(Material for the task Opens)

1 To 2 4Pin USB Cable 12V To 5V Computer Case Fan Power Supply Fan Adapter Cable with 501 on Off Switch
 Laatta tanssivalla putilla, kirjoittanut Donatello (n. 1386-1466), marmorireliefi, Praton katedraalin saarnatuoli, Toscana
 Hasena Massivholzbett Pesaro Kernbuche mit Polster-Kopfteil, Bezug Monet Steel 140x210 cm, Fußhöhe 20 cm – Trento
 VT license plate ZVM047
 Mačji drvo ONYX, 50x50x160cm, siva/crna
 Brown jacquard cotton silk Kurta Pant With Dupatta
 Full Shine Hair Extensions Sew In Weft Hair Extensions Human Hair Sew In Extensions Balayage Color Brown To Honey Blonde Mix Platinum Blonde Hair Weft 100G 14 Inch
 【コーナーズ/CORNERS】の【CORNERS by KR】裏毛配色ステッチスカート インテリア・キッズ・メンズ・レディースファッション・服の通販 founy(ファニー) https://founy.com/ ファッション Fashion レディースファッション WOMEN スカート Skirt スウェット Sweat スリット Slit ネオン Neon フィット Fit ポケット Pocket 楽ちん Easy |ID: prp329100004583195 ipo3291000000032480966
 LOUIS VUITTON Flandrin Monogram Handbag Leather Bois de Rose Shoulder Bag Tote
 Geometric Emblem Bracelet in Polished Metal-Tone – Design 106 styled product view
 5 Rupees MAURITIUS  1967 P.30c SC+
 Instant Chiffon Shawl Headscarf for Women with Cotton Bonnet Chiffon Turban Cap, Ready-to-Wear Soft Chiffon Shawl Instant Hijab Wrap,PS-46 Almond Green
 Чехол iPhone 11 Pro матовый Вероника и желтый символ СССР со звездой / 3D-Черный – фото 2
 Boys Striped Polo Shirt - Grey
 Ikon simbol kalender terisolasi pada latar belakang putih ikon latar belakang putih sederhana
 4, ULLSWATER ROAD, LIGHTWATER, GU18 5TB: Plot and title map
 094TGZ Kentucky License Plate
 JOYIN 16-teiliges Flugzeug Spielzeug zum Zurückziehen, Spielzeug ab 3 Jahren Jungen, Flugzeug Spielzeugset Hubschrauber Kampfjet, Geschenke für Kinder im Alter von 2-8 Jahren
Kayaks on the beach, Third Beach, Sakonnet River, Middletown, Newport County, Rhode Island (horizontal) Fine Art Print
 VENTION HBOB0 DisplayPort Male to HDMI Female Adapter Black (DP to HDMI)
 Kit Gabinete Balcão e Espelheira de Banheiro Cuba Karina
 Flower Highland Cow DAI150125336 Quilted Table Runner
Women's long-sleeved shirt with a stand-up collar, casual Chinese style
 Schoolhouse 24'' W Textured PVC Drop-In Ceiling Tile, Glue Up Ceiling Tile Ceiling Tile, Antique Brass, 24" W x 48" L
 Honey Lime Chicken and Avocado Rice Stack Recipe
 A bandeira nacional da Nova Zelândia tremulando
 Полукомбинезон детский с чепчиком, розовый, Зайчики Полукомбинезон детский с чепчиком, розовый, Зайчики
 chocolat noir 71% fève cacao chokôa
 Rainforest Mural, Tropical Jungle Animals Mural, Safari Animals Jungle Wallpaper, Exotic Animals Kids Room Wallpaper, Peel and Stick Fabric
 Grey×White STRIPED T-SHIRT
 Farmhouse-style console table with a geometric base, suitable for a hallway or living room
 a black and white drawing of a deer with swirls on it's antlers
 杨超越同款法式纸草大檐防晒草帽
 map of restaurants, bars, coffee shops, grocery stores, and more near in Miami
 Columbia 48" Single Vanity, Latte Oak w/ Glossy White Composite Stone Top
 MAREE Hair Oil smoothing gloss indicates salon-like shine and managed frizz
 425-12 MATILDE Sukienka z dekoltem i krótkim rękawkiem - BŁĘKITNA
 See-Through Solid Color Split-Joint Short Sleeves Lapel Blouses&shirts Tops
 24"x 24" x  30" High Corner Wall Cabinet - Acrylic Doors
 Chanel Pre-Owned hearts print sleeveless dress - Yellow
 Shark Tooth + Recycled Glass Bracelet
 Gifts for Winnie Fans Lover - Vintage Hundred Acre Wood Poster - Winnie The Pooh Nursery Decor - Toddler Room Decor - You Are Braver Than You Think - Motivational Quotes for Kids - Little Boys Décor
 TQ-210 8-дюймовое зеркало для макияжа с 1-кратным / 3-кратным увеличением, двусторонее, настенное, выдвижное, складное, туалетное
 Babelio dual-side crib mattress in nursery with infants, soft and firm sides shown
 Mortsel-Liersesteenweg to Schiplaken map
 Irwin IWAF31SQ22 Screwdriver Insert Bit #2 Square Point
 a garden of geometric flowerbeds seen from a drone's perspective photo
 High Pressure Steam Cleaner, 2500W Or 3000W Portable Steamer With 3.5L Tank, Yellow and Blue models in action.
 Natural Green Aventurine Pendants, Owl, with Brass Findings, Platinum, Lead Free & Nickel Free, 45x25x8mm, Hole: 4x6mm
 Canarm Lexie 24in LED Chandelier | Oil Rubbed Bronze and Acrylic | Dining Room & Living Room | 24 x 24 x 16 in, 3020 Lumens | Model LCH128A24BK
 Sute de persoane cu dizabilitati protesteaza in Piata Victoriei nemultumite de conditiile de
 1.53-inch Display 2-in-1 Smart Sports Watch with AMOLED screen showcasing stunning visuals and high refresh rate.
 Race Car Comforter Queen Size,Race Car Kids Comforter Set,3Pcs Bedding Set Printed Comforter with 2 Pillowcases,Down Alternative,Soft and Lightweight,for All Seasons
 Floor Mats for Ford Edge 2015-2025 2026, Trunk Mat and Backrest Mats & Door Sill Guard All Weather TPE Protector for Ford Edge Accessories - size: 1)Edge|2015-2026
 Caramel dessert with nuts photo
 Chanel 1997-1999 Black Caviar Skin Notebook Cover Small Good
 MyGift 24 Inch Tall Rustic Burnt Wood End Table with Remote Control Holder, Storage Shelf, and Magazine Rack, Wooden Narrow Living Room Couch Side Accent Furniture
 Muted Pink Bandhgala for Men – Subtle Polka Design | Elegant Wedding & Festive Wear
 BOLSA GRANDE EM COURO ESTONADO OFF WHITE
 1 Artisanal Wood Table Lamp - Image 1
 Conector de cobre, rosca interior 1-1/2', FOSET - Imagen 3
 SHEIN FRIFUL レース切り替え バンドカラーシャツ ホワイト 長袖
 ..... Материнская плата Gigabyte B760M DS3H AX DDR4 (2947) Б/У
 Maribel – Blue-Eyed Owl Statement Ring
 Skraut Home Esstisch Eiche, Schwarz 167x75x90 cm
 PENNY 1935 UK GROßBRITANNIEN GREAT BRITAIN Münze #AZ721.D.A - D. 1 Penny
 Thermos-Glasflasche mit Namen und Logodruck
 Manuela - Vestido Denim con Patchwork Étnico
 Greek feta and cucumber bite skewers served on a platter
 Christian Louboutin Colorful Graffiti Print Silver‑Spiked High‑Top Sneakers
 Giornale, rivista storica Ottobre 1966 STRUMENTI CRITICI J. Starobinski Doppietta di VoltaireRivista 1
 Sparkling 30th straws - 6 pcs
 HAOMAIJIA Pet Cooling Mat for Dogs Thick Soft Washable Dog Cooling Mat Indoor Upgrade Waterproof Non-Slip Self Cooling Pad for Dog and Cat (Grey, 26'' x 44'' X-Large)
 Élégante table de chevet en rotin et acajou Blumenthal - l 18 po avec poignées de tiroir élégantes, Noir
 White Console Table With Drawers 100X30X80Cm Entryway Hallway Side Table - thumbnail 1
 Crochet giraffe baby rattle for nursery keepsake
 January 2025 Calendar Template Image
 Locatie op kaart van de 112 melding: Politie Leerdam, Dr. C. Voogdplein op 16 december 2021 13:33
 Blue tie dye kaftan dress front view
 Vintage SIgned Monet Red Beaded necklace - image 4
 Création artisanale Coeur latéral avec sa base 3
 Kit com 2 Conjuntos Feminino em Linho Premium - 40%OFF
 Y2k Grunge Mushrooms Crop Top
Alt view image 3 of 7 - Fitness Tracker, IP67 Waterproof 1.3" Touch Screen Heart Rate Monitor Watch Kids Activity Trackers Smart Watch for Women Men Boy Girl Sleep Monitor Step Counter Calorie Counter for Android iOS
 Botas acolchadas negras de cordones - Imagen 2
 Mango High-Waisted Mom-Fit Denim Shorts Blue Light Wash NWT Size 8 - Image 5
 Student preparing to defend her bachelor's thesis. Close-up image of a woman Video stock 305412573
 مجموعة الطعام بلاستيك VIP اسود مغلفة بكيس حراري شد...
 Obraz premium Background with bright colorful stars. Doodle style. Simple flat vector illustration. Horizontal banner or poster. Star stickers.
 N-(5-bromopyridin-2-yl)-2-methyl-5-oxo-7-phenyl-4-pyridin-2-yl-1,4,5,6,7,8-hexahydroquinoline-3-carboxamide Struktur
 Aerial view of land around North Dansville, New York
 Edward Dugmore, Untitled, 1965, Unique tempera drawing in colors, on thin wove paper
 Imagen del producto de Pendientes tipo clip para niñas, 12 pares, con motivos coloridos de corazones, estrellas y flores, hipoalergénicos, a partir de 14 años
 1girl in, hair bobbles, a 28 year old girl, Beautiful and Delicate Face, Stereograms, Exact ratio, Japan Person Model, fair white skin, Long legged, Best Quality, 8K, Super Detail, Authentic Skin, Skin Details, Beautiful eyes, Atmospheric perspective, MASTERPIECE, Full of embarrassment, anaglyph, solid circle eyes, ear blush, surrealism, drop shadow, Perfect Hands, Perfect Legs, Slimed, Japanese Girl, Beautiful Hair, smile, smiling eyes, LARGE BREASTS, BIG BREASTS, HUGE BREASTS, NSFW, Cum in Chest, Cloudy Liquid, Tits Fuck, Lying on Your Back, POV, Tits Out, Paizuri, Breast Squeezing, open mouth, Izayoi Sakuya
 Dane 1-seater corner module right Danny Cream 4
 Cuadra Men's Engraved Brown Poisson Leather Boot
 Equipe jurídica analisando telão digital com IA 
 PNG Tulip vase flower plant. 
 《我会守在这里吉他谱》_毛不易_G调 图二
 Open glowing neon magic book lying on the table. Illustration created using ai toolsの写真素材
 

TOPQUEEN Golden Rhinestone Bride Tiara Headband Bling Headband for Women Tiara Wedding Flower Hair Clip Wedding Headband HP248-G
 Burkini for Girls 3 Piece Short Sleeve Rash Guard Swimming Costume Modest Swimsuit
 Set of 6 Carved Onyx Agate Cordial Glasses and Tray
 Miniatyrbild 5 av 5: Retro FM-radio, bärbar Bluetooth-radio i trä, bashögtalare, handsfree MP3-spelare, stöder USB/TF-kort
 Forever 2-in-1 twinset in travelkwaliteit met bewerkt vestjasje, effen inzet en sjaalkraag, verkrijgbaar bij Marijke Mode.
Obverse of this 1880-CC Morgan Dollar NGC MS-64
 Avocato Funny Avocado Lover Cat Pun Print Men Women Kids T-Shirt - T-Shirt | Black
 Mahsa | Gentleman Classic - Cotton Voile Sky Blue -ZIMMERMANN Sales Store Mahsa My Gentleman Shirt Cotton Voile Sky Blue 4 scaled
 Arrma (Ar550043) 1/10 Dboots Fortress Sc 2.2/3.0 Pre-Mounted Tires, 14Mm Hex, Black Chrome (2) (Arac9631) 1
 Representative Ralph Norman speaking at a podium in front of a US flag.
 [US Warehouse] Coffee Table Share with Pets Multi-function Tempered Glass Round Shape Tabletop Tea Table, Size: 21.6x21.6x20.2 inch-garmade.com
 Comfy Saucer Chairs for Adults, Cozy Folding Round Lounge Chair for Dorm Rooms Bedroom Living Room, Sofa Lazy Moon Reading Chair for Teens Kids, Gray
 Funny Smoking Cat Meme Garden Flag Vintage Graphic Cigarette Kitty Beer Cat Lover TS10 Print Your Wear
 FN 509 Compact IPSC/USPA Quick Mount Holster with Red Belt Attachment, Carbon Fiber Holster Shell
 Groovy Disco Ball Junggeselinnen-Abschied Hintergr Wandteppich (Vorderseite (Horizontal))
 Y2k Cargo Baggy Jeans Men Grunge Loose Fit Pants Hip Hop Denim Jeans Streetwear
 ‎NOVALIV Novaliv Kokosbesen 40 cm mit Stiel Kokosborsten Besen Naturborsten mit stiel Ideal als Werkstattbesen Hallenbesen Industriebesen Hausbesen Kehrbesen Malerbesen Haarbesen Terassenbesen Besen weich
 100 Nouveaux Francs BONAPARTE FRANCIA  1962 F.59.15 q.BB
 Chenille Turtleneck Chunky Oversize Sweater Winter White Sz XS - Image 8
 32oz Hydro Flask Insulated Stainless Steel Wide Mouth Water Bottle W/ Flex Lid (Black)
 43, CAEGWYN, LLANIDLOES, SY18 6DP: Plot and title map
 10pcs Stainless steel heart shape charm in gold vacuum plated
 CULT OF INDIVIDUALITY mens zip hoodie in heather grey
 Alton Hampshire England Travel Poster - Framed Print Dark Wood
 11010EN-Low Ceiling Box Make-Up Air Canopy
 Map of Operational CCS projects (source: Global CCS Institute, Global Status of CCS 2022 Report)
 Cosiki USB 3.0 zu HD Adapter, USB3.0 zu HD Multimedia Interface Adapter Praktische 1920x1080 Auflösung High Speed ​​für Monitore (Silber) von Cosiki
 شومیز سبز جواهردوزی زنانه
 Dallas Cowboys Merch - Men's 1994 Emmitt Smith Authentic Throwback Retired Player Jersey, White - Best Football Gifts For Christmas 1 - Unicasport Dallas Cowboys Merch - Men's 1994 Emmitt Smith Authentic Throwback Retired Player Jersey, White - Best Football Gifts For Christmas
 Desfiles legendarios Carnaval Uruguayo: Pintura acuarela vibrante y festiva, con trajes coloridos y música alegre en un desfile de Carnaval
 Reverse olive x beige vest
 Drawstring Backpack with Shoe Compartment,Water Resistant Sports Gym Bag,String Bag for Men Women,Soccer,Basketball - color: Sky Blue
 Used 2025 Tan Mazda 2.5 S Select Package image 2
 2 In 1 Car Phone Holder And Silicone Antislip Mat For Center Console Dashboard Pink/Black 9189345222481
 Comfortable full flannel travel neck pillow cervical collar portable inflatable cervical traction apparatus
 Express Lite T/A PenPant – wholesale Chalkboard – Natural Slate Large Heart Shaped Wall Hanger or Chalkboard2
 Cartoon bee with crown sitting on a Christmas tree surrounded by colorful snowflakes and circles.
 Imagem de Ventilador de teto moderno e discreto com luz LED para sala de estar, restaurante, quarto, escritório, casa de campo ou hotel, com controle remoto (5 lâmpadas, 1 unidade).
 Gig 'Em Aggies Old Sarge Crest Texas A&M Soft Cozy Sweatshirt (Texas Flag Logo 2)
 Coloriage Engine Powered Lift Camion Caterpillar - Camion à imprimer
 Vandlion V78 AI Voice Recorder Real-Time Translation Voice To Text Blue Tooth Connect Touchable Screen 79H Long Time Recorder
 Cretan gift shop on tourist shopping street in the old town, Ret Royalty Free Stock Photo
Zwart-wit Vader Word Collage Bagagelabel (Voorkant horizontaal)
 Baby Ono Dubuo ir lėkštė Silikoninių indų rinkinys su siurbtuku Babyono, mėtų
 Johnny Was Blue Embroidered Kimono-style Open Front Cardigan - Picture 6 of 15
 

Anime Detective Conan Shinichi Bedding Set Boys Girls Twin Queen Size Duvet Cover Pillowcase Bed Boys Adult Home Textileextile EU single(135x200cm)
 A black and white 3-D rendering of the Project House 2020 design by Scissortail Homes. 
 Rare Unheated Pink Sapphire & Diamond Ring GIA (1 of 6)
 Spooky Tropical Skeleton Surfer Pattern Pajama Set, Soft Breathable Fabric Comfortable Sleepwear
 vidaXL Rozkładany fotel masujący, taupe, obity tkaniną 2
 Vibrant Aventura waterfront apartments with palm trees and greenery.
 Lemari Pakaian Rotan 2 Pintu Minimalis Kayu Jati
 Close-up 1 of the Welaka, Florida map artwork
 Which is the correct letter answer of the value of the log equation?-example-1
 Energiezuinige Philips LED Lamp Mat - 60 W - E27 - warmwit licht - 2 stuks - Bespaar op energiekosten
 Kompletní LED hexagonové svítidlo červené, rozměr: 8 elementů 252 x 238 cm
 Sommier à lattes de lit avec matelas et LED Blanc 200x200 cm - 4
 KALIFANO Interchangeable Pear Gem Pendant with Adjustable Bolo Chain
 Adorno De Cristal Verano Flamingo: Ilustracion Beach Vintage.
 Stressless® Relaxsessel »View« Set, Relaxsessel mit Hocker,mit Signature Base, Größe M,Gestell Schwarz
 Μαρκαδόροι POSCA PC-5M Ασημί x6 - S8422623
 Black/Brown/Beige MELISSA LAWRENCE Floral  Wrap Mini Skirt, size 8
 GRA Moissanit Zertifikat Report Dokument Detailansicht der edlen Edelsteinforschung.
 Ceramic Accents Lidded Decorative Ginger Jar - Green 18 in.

(Material for the task Closes)

--- Task instructions ---
Among the records above, repeat exactly the line with "MAREE Hair Oil", the line with "Irwin IWAF31SQ22 Screwdriver", and every line in between, and only those.

--- Result ---
 MAREE Hair Oil smoothing gloss indicates salon-like shine and managed frizz
 425-12 MATILDE Sukienka z dekoltem i krótkim rękawkiem - BŁĘKITNA
 See-Through Solid Color Split-Joint Short Sleeves Lapel Blouses&shirts Tops
 24"x 24" x  30" High Corner Wall Cabinet - Acrylic Doors
 Chanel Pre-Owned hearts print sleeveless dress - Yellow
 Shark Tooth + Recycled Glass Bracelet
 Gifts for Winnie Fans Lover - Vintage Hundred Acre Wood Poster - Winnie The Pooh Nursery Decor - Toddler Room Decor - You Are Braver Than You Think - Motivational Quotes for Kids - Little Boys Décor
 TQ-210 8-дюймовое зеркало для макияжа с 1-кратным / 3-кратным увеличением, двусторонее, настенное, выдвижное, складное, туалетное
 Babelio dual-side crib mattress in nursery with infants, soft and firm sides shown
 Mortsel-Liersesteenweg to Schiplaken map
 Irwin IWAF31SQ22 Screwdriver Insert Bit #2 Square Point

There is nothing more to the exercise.